The screws along the soldered edges flashed as the candlelight flickered, and I checked one last time to be certain the mainspring was fastened tight. It was smaller than I had imagined a heart would be, all those cogs locked together into a knot barely the size of my fist, but when I laid it in its place between the exposed gears in Oliver’s open chest, it fit precisely, the final piece of the puzzle of teeth and bolts I had been laboring over all night.

He wasn’t broken anymore. But he was still dead.

I slid forward onto my knees and let go a breath so deep it made my lungs ache. Below me, the inner workings of the clock tower hung still and silent. The gears had been unmoving for years, though tonight the pendulums
swayed in the wind funneling from the jagged hole in the clock face. When I looked through it, I could follow the path the Rhone River cut across Geneva, past the city walls, and all the way to the lake, where the starlight was fading into milky dawn along the horizon.

When we dug up Oliver’s body, it had seemed fitting to bring him here, Dr. Geisler’s secret workshop in the clock tower where the resurrection work had begun, but now the whole thing felt stupid. And dangerous. I kept waiting for the police to swarm in—they’d kept a close watch on this place since Geisler’s arrest—or for someone to discover us, to walk in and spoil it all. I kept waiting for Oliver to sit up and open his eyes like nothing had happened. As though by simply being in this place I could reach out and pull his soul back from where it had landed when he’d crashed through the clock face and plunged.

“Alasdair.”

I looked up. Mary was kneeling on the other side of Oliver’s body, her face still spattered with cemetery dirt. We were a sight, the pair of us, Mary with her muddy dress and wild hair, me with the knees torn out of my trousers, braces unfastened, and my shirt smeared with blood. We looked mad, Mary and I, exactly the sort of people who would be digging up corpses and resurrecting them in a clock tower. I felt a bit mad in that moment.

Mary held out the pulse gloves and I took them, our fingers brushing for a heartbeat. She already had the
plates charged, and when I pulled the laces tight around my wrists, I could feel their current thrumming inside me, soft and static like a second heartbeat that started in my hands.

“Alasdair.” She said my name again, so softly it sounded like a prayer. “Are you going to do it?”

I took a breath and closed my eyes.

When I remembered my brother, it would always be with his face bright and his gaze sharp. I would remember the days of being wild-haired boys together, of running in his shadow, of the hundred different ways he’d taught me to be brave and loyal and kind. Of falling asleep on his shoulder, and holding on to his sleeve in every strange new city. Of hunting with him in Lapland, skating the canals together in Amsterdam, watching him sneak away to visit the forbidden corners of Paris, and the nights he let me come along.

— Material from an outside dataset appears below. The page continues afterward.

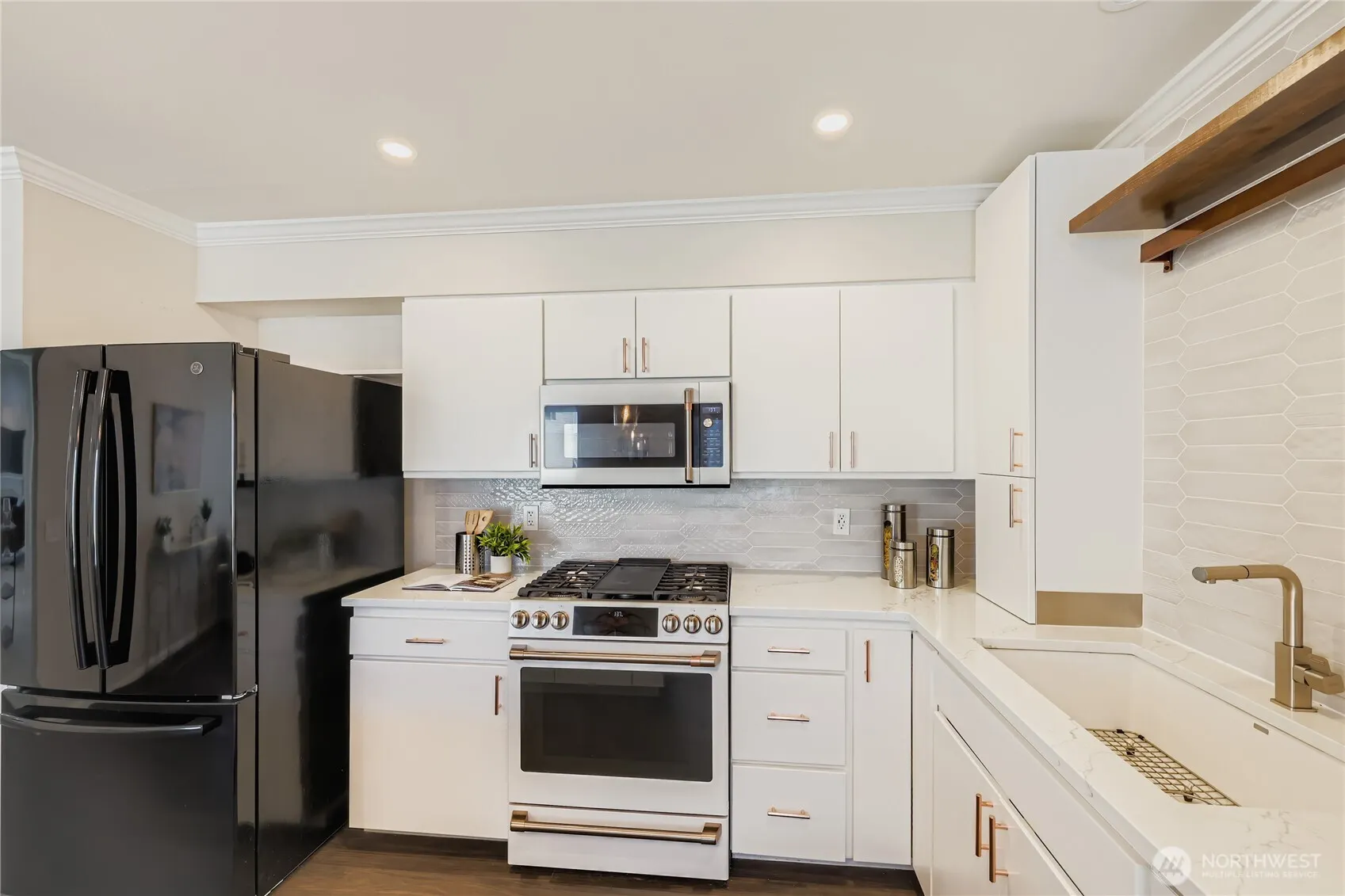 1526 NW 58th Street #202, Seattle, WA 98107
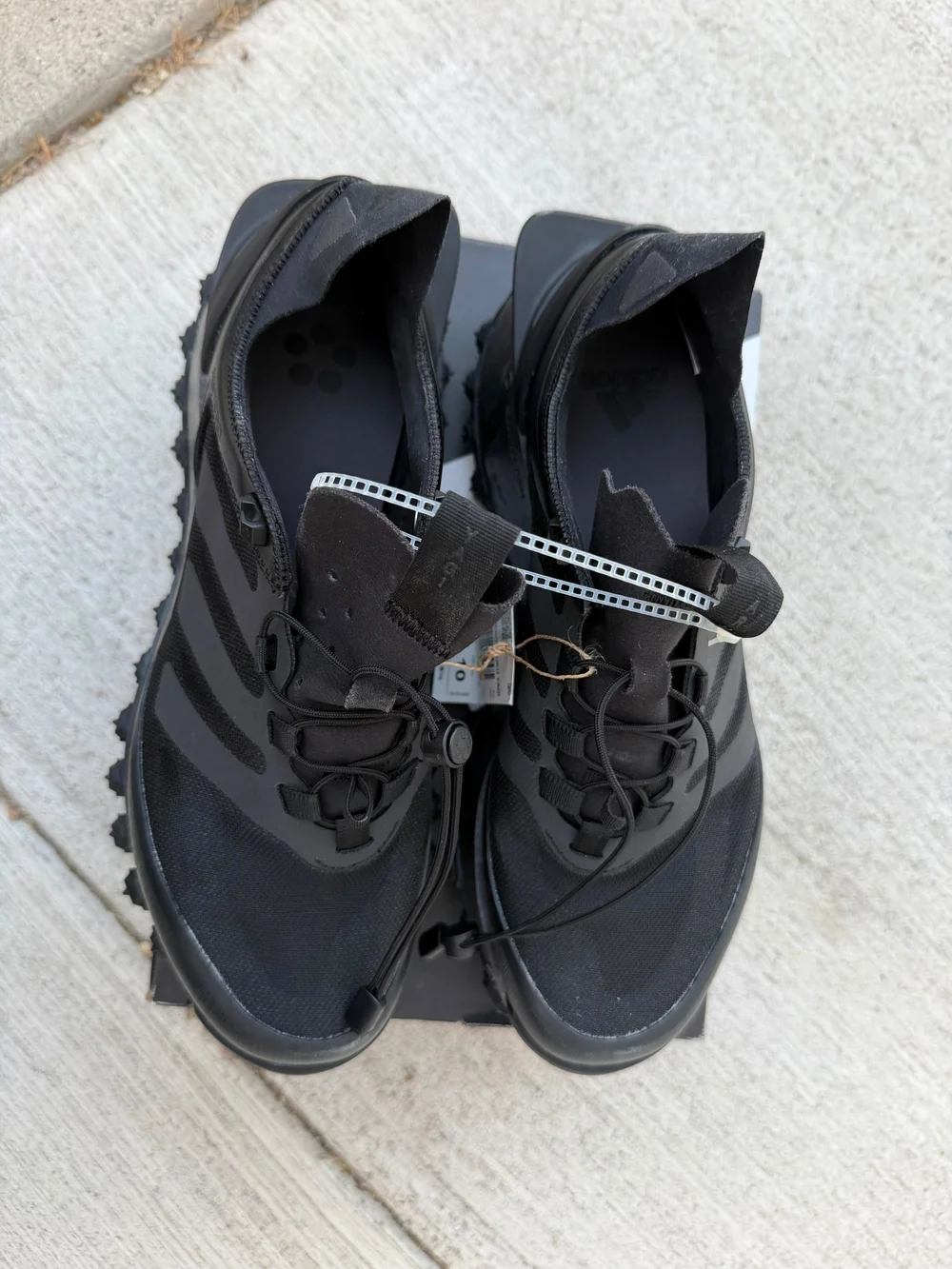 Aruku Yagi Men's Running Shoe - Black Make Me An Offer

It would not be watching him take his last breath two nights before, already more corpse than man as he lay collapsed and bleeding in the velvet darkness on the banks of the Rhone.

I wouldn’t remember the night my brother died.

Instead, I would remember tonight, and what was about to happen, the moment hurtling toward me like a runaway carriage, when Oliver would open his eyes and look up at me. Alive, alive, alive again.

I knelt beside him and pressed my palms to either side
of his shaved head, my fingers running along the track of stitches there. The metal plates beneath his skin were cold and tight. I closed my eyes as the shock of electricity leapt from my gloves, let it sing backward into my hands and all the way through me, and forward into Oliver, into his clockwork heart and his clockwork lungs and every piece of the clockwork that would bring him back.

There was a pulse, a flash, and the gears began to turn.